As an honest answer, I'd say the issue is that MS
- cares too much about legacy
- exposes legacy too clearly
- hides what should be obvious, and exposes what should be hidden.
For example, OSX has a fairly clearly named Disk Utility app with fairly clearly exposed buttons for things like First Aid and Erase.
The equivalent on Windows is the Computer Management app (which is already somewhat problematic because the relationship between "Computer Management" and the "Add Hardware" bits of Control Panel is not at all clear. When you go to the Storage section of Computer management and look around you don't see anything that seems to correspond to a task you might care about (like erasing a disk or checking/fixing the file system) but you see a whole lot of buttons relevant to changing how the program looks (WTF? why is it important to have two buttons for changing the appearance of an already overly complicated program?), and the Action menu only offers to help you create VHDs [but provides a whole lot more ways to lay out the program --- honestly the program seems more interested in ways you can customize its appearance than in any actual computer management}.
But oh, in Windows, you don't actually use EITHER the Control Panel HW section OR the Computer Management app, instead you go to Windows Explorer, select the drive, right click, choose Properties, then in the dialog that comes up find the Tab named Tools.
The point is, all this makes a kind of vague sense if you have been part of the Windows world for 20 years, but it doesn't make sense to a novice.

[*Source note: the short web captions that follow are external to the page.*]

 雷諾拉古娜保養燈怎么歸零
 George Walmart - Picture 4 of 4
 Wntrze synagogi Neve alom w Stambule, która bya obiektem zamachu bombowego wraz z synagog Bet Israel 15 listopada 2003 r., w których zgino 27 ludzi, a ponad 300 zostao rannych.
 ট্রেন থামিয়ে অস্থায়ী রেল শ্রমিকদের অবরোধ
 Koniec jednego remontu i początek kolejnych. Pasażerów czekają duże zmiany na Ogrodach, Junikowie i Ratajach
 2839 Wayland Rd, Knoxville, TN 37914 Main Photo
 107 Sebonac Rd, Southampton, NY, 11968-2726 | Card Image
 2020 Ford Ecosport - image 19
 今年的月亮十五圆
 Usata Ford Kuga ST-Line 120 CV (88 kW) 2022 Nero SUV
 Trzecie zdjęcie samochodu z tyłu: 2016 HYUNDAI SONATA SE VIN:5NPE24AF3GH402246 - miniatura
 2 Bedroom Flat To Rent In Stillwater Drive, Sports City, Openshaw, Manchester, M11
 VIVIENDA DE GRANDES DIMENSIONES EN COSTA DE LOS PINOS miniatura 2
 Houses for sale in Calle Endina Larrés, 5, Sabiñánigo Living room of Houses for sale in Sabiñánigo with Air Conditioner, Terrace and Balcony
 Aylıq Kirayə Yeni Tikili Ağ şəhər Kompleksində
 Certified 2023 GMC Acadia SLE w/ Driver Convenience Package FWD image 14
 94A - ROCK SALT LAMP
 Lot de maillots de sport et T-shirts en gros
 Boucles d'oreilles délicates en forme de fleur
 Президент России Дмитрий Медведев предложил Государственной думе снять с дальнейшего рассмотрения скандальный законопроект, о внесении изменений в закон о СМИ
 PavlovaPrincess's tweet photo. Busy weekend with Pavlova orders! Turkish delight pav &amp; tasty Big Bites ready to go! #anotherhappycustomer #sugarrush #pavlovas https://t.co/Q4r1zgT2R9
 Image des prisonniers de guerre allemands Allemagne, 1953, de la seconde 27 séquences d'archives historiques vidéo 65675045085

The way functionality (in particular system management functionality) is split across apps and various panels/dialogs reflects history and the addition of new features at different times; it does not reflect a "from the ground up" DESIGN of how to present this functionality, especially bearing in mind the common tasks that users care about.
Apple has been very willing to rethink this sort of workflow design over and over again. Obviously from MacOS to OSX was a big change, then there have been big changes in various apps over the years, just in 10.11 Disk Utility got something of a redesign. MS in the past was terrified to do this sort of large change, and when they finally did (with Windows 8) they made something of a clusterfsck of it, leaving out important functionality, often caring about appearance over usability, and generally enacting a parody of Mac design, a cargo cult that assumed the magic was all in the pixels and that didn't realize the magic is in
(a) asking what the IMPORTANT work flows are,
(b) testing your assumptions against reality and
(c) fixing when your assumptions are proved wrong.
Networking on Windows is the same sort of godawful mess. What ARE Homegroups? What problem do they solve? Why when I go more than one level deep in any network dialog do I start seeing these network terms from the 1980s -- NetBIOS and BEUI and a full tree of every driver that's running my network connection?
Again sure, this stuff is necessary for some purpose --- have it available for those who need it, but don't mix it up with the material that's required by your basic user just trying to get basic internet working.
MS does a little better with say Win7 than with XP, but once again they're frightened to actually rethink and utterly redesign the full work flow, so we get band aids on a messy system, not a clean UI design.
Meanwhile Apple is constantly trying to simplify the user view of this stuff. The full power is there, if you want to launch a command-line or root around inside the Utilities folder; but Apple tries to hide what most people don't need. So, for example, a few OS revisions ago they started to hide the ~/Library folder, presumably because
- almost no-one actually needs to interact with it and
- those who did interact with it tended to screw things up.
(~/Library is full of stuff that looks like you don't need it. Per user prefs, per user caches, log files, and basically every "technical" file that an app needs but that is not a user created document.) You can still open the folder if you believe you need to, from the command-line, but Apple has ensured that the ignorant cannot shoot themselves in the foot.
Similarly they started a few revs ago to largely present in Finder a file system that appears rooted in your home folder. You can break out of that to see the higher levels of the file system but once again you have to work to do that, and Apple's belief (one I'd agree with, based on how I've seen family use their Macs) is that most users do not NEED to know that there is anything on their hard drives beyond their personal home directory, and allowing them to explore there just causes trouble.
You could argue that Windows tries to do the same thing in Windows Explorer, and they tried to do it before Apple, presenting eg the Libraries section of the sidebar. But in my opinion (I think validated by IBM's experience) once again they did the job half-heartedly and instead of constant iteration and improvement, they made one set of changes and then appeared to lose interest. With Apple you see a pattern where, pretty much every rev of OSX from 10.0 has worked harder and harder to hide the dangerous parts of the file system from the user (and to prevent them from HAVING to interact with those dangerous parts). On Windows you don't see that CONSTANT attempt at improvement and the removal of problem areas.